I'm working on a Project for my University where we want a Quadrcopter to stabilize himself with his camera. Unfortunately the Fundamental matrix reacts very sensible to little changes within the featurpoints, i'll give you examples later on.
I think my matching already works pretty good thanks to ocv.

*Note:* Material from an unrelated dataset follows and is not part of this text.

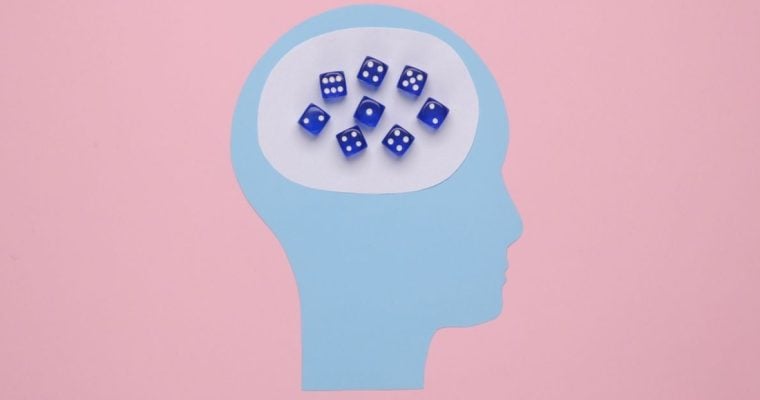 Art Collage of Head Made with Blue Paper and Blue Dice Inside on Pink Background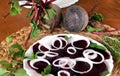 Fresh sliced organic beetroot with onion decorated on a white plate Royalty Free Stock Photo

I'm using SURF Features and match them with the knn-Method:
SurfFeatureDetector surf_detect;
surf_detect = SurfFeatureDetector(400);
//detect keypoints
surf_detect.detect(fr_one.img, fr_one.kp);
surf_detect.detect(fr_two.img, fr_two.kp);
//extract keypoints
SurfDescriptorExtractor surf_extract;
surf_extract.compute(fr_one.img, fr_one.kp, fr_one.descriptors);
surf_extract.compute(fr_two.img, fr_two.kp, fr_two.descriptors);
//match keypoints
vector<vector<DMatch> > matches1,matches2;
vector<DMatch> symMatches,goodMatches;
FlannBasedMatcher flann_match;
flann_match.knnMatch(fr_one.descriptors, fr_two.descriptors, matches1,2);
flann_match.knnMatch(fr_two.descriptors, fr_one.descriptors, matches2,2);
//test matches in both ways
symmetryTest(matches1,matches2,symMatches);
std::vector<cv::Point2f> points1, points2;
for (std::vector<cv::DMatch>::const_iterator it= symMatches.begin();
it!= symMatches.end(); ++it)
{
//left keypoints
float x= fr_one.kp[it->queryIdx].pt.x;
float y= fr_one.kp[it->queryIdx].pt.y;
points1.push_back(cv::Point2f(x,y));
//right keypoints
x = fr_two.kp[it->trainIdx].pt.x;
y = fr_two.kp[it->trainIdx].pt.y;
points2.push_back(cv::Point2f(x,y));
}
//kill outliers with ransac
vector<uchar> inliers(points1.size(),0);
findFundamentalMat(Mat(points1),Mat(points2),
inliers,CV_FM_RANSAC,3.f,0.99f);
std::vector<uchar>::const_iterator
itIn= inliers.begin();
std::vector<cv::DMatch>::const_iterator
itM= symMatches.begin();
for ( ;itIn!= inliers.end(); ++itIn, ++itM)
{
if (*itIn)
{
goodMatches.push_back(*itM);
}
}
Now i want to compute the Fundamental Matrix with these matches. I'm using the 8POINT method for this example - i already tried it with LMEDS and RANSAC - there it only get's worse because there are more matches which change.
vector<int> pointIndexes1;
vector<int> pointIndexes2;
for (vector<DMatch>::const_iterator it= goodMatches.begin();
it!= goodMatches.end(); ++it) {
pointIndexes1.push_back(it->queryIdx);
pointIndexes2.push_back(it->trainIdx);
}
vector<Point2f> selPoints1, selPoints2;
KeyPoint::convert(fr_one.kp,selPoints1,pointIndexes1);
KeyPoint::convert(fr_two.kp,selPoints2,pointIndexes2);
Mat F = findFundamentalMat(Mat(selPoints1),Mat(selPoints2),CV_FM_8POINT);
When i call these calculations within a loop on the same pair of images the result of F varies very much - theres no way to extract movement from such calculations.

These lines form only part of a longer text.